Assemblée nationale: les agents réclament 3 mois de primes impayées

Assemblée nationale © D.R

Ce jeudi 12 juillet 2018, le Syndicat du personnel de l’Assemblée nationale (Sypan), a tenu une assemblée générale dans l’enceinte de l’institution, au lieu-dit, sous l’arbre à palabres. Au cours de celle-ci, son président, Eddy Mbadinga Bourobou, a fait un compte rendu du récent entretien qu’il a eu avec le secrétaire général de l’institution, portant sur la situation de précarité que subissent les agents ces trois derniers mois.  

Depuis la décision de la Cour constitutionnelle du 30 avril dernier, de dissoudre la Chambre des députés, les agents de l’institution, mis sous la tutelle du Sénat, vivent une situation de misère. Pour être édifié sur l’état d’avancement de leur statut, ils ont entrepris de rencontrer leur secrétaire général, afin qu’ensemble, ils trouvent une solution de sortie de crise.

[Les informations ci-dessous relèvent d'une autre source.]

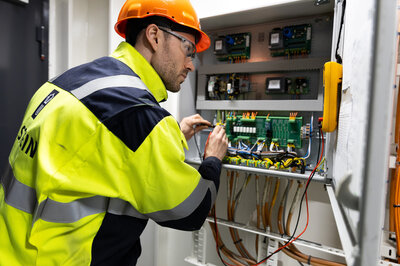 Electrician at work ULS 04144 IMG 9133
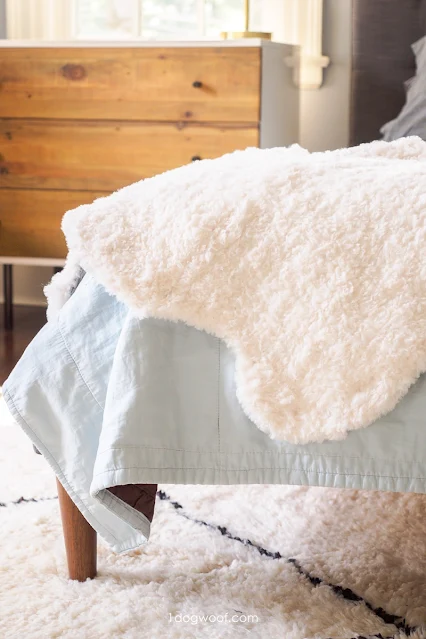 Faux Sheepskin Crochet Rug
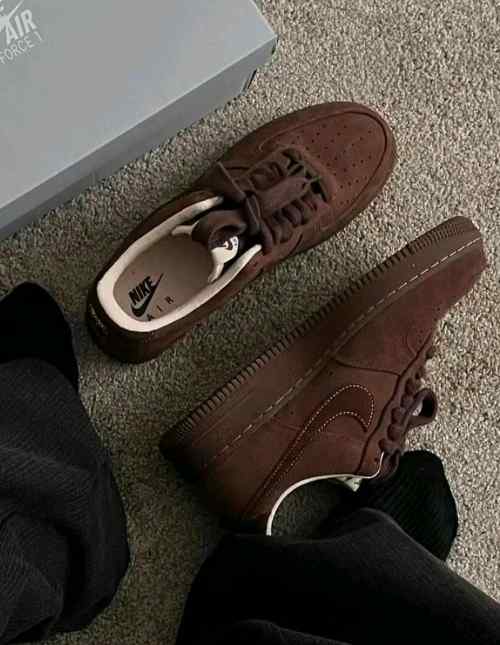 Nikee Airforce Cacao Wow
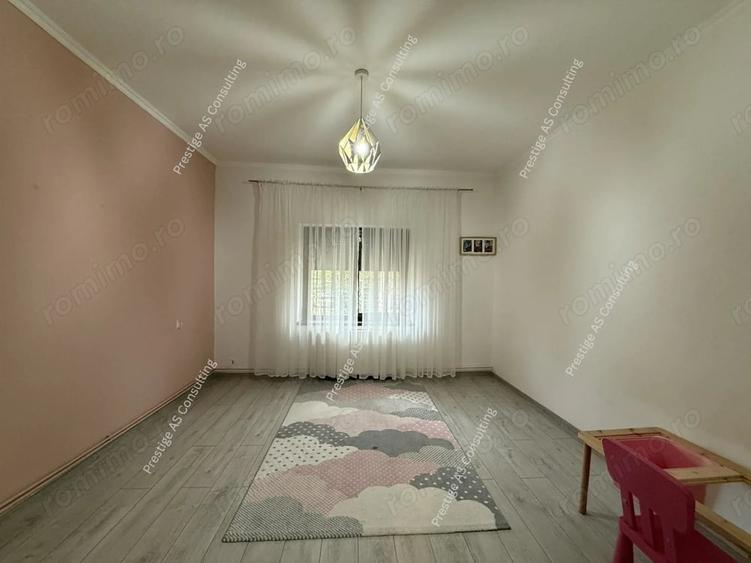Casă cu 4 camere cu Teren 250 Mp în Girocului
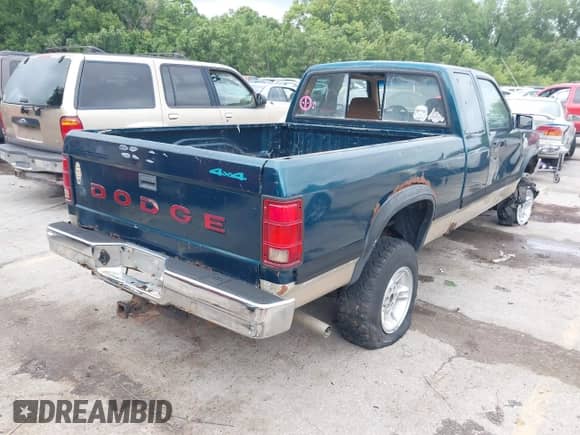 1993 Dodge Dakota with VIN 1B7GG23Y4PS212227, listed as a IAAI auction lot 42748518 with 269,514 mi miles and . Bid and sale history available at DreamBid. Image 4.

En effet, depuis plus de 90 jours les 362 agents que compte la chambre basse du Parlement, réclament le paiement de leur indemnité, la prime de transport ainsi que l’assurance-maladie. Une situation qui aurait donc conduit le leader du syndicat, selon les conclusions de l’assemblée générale du jour, à rencontrer le secrétaire général.

Ce dernier, lui a assuré que s’agissant du transport du personnel, supprimé depuis le mois dernier, un «dégagement de fonds de près de trois millions, sera mis à leur disposition, pour le carburant, et ce, dès lundi prochain», a indiqué Eddy Mbadinga Bourobou, à ses collègues. Quant aux deux autres points d’achoppement, «il faudra conjuguer le verbe patienter, les caisses de l’État étant à court de liquidité», a-t-il poursuivi.

Loin de vouloir initier un mouvement de grève, le Sypan a donc au préalable, à travers cette action, souhaité rétablir le contact rompu entre la hiérarchie et la base. Une bouffée d’oxygène qui n’empêchera pourtant pas Eddy Mbadinga Bourobou de lancer un appel aux autorités. «Le personnel continue normalement son travail, tout ce que nous demandons, c’est le rétablissement des avantages qui nous sont dûs. Car beaucoup d’entre nous ont des charges sociales qu’ils n’arrivent plus à assumer», a-t-il conclu.